Erbin widerruft Kontovollmacht für Miterben – Bank lässt trotzdem Verfügungen des Miterben zu
LG Aachen – Urteil vom 18.01.2018 – 1 O 138/16
- Miterbin widerruft Kontovollmacht für ihren Bruder
- Bank lässt trotzdem Verfügungen des Bruders über das Konto zu
- Gericht verurteilt die Bank zur Erstattung der Beträge
Das Landgericht Aachen hatte über einen Rückzahlungsanspruch einer Erbin zu befinden, die mit Verfügungen über ein Nachlasskonto nicht einverstanden war.
In der Angelegenheit hatte ein Erblasser am 21.11.2001 ein notarielles Testament verfasst.

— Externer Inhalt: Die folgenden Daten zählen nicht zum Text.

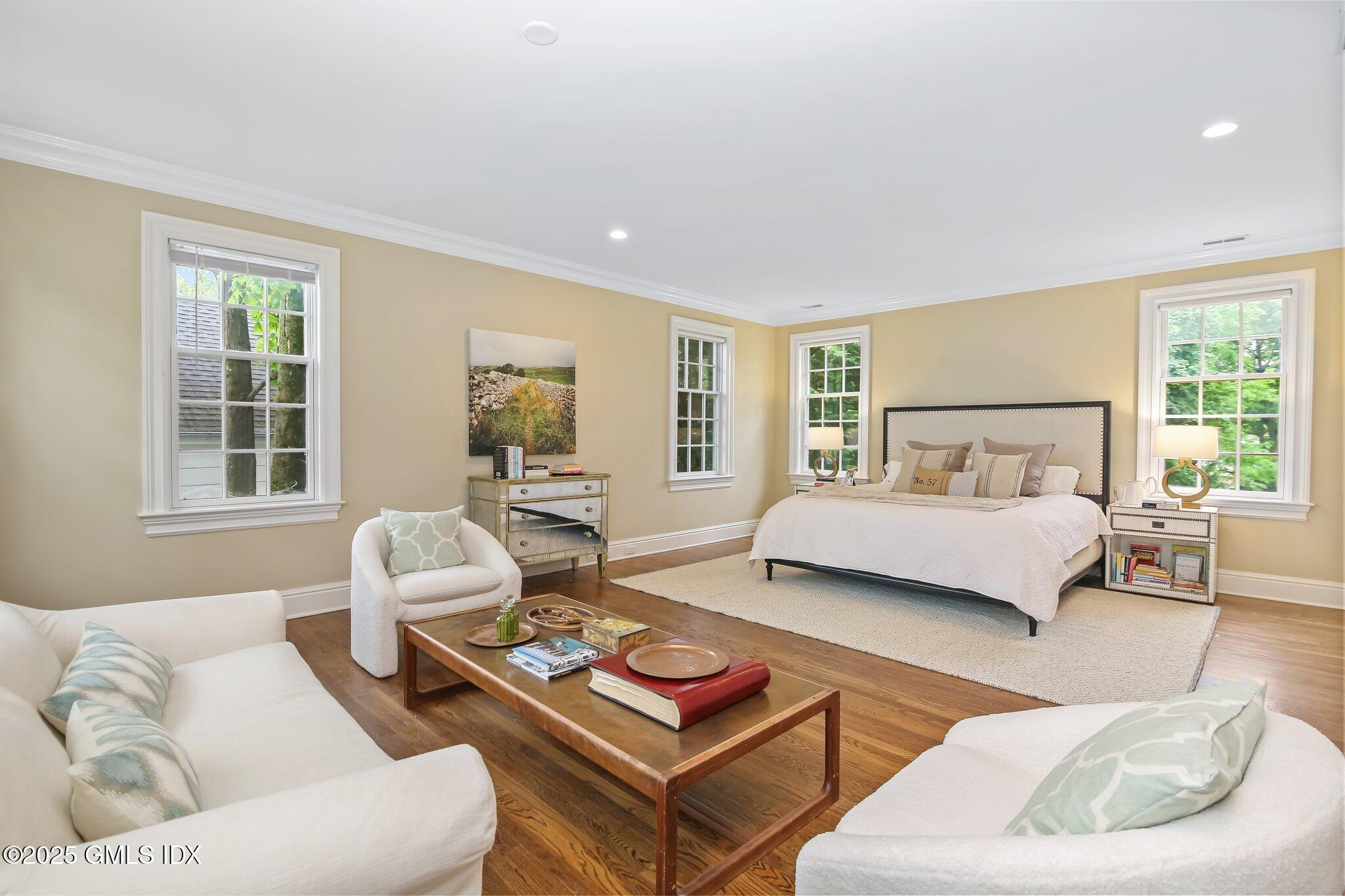 57 LOCKWOOD Avenue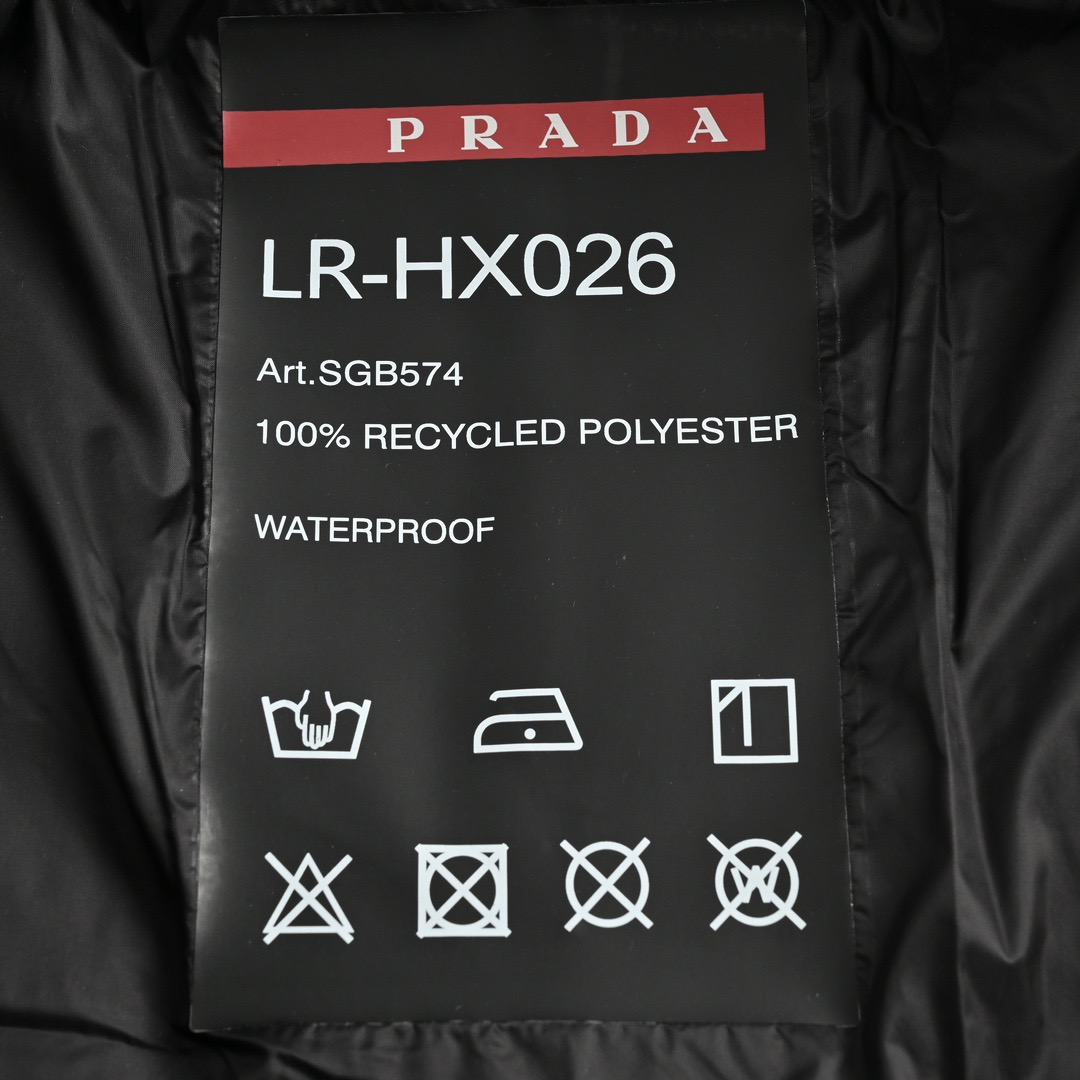 Prada/普拉达 红色饰条羽绒服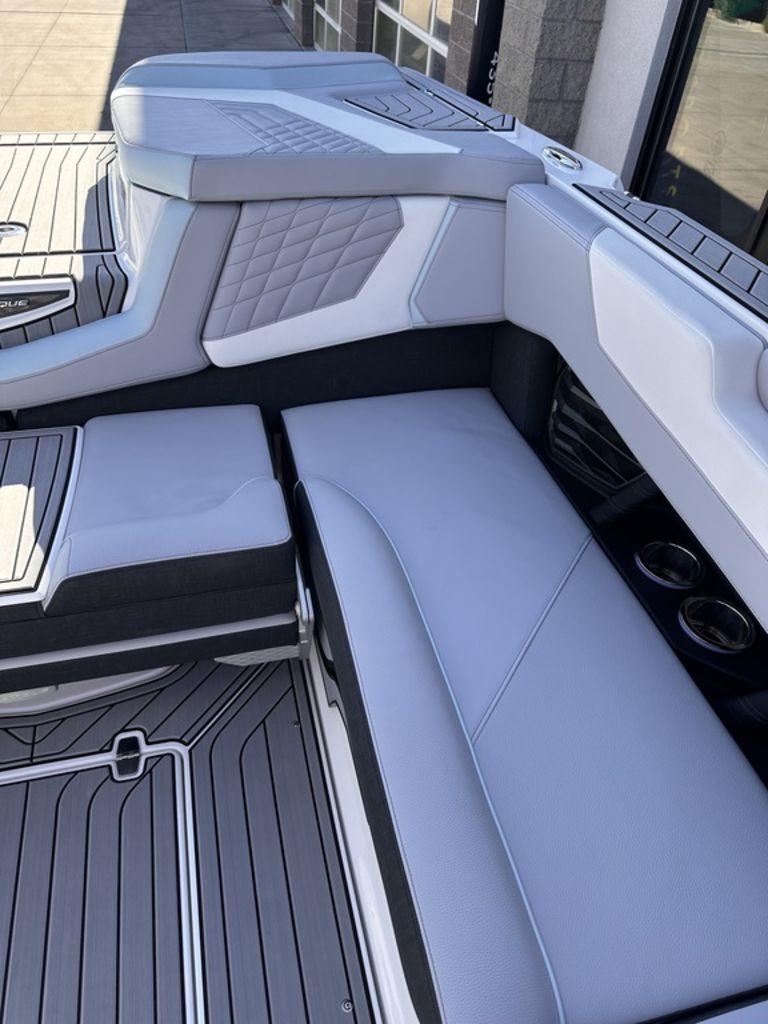 2024 Nautique G23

In diesem Testament setzte der Erblasser seine Tochter, die spätere Klägerin, und seinen Sohn zu hälftigen Erben seines Vermögens ein.
Gleichzeitig hatte der Erblasser seinem Sohn eine Versorgungsvollmacht erteilt, die auch über den Tod des Erblassers hinaus Gültigkeit haben sollte. Diese Vollmacht berechtigte den Sohn des Erblassers auch, über ein Bankkonto des Erblassers bei der X-Bank zu verfügen.
Der Erblasser verstarb am 04.08.2014.
Kontovollmacht wird ausdrücklich widerrufen
Mit Schreiben vom 09.12.2014 erklärte die Tochter gegenüber der X-Bank, dass sie die ihrem Bruder erteilte Vollmacht widerrufe. Die Bank bestätigte den Eingang des Widerrufs. Ein Mitarbeiter der Bank teilte mit, dass die „ausschließlich gemeinsame Verfügungsberechtigung“ über das Nachlasskonto bei der Bank bekannt sei.
In der Folge ließ die Tochter des Erblassers ihrem Bruder die Nachricht zukommen, dass sie an der Begleichung aller nachlassbezogenen Rechnungen von dem Nachlasskonto mitwirken werde.
Im 4. Quartal des Jahres 2015 wurden trotz des Widerrufs der Vollmacht dann aber Überweisungen von dem Nachlasskonto ausgeführt, von denen die Tochter nicht informiert wurde und zu denen sie auch nicht ihre Zustimmung erteilt hatte.
Bank wird zur Erstattung der Beträge aufgefordert
Im Februar 2016 forderte die Tochter des Erblassers die Bank auf, sämtliche Beträge, die ohne Wissen der Tochter nach dem Widerruf der Vollmacht von dem Nachlasskonto überwiesen wurden, dem Konto wieder gutzuschreiben.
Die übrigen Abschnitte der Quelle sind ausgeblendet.